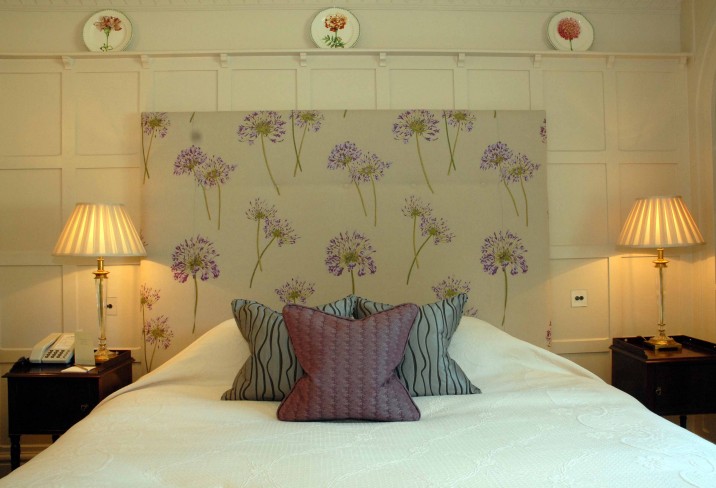 Mr & Mrs Smith - Lily Room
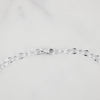 You Are Enough Round Necklace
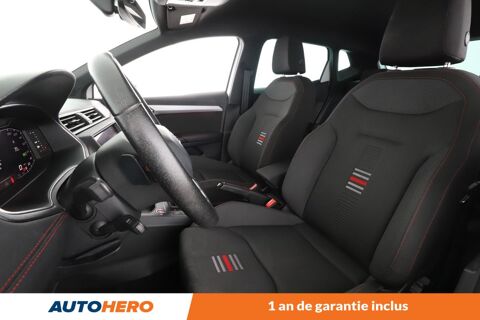 Ibiza 1.0 EcoTSI FR DSG7 110 ch 2021 occasion 92130 Issy-les-Moulineaux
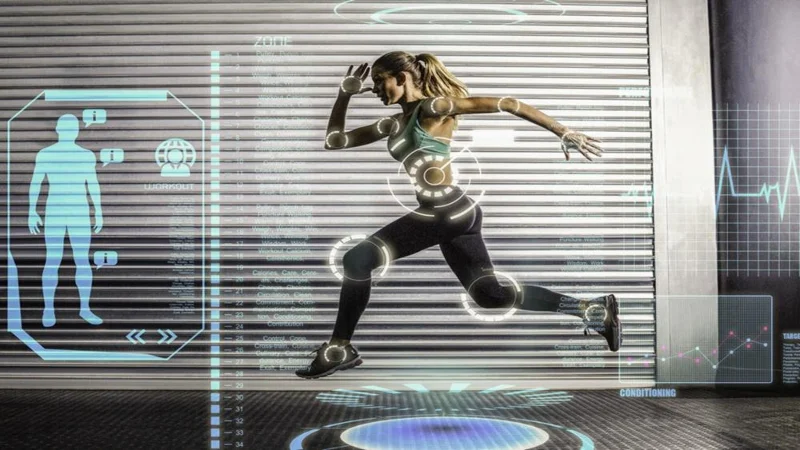 Wat is Digitale Fitness (DEFIT)?  Gedetailleerde informatie over het DEFIT .-token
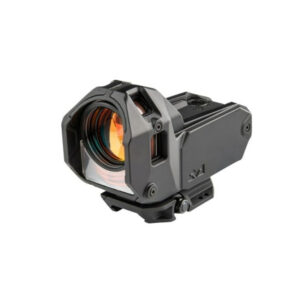 Meprolight MEPRO M22 Záměrný bod: Red Bullseye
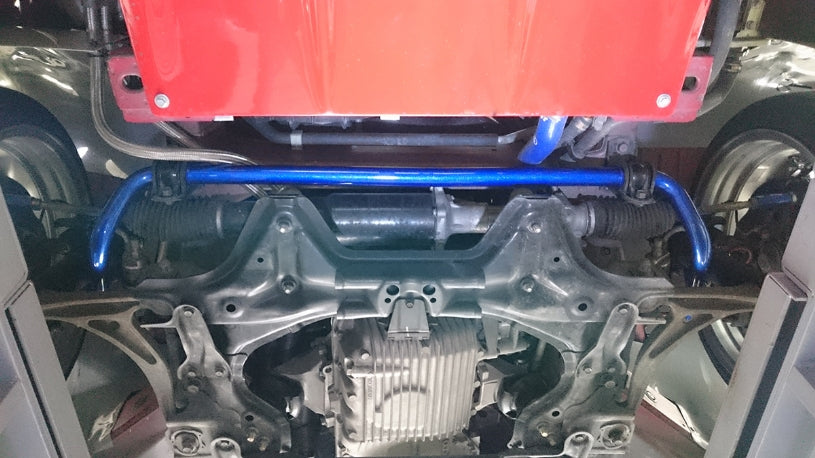 Front Sway Bar Honda S2000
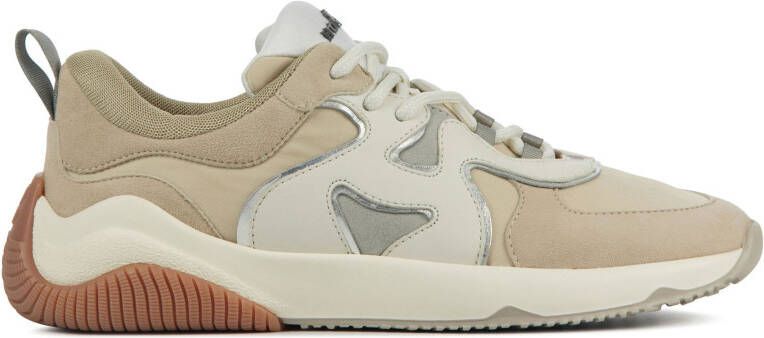 Hogan Dames leren dames sneakers hxw5970ea90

·····

Assignment ->
An exact restatement of the entries above is needed; no picture may appear in it.

Response ->
 Mr & Mrs Smith - Lily Room
 You Are Enough Round Necklace
 Ibiza 1.0 EcoTSI FR DSG7 110 ch 2021 occasion 92130 Issy-les-Moulineaux
 Wat is Digitale Fitness (DEFIT)?  Gedetailleerde informatie over het DEFIT .-token
 Meprolight MEPRO M22 Záměrný bod: Red Bullseye
 Front Sway Bar Honda S2000
 Hogan Dames leren dames sneakers hxw5970ea90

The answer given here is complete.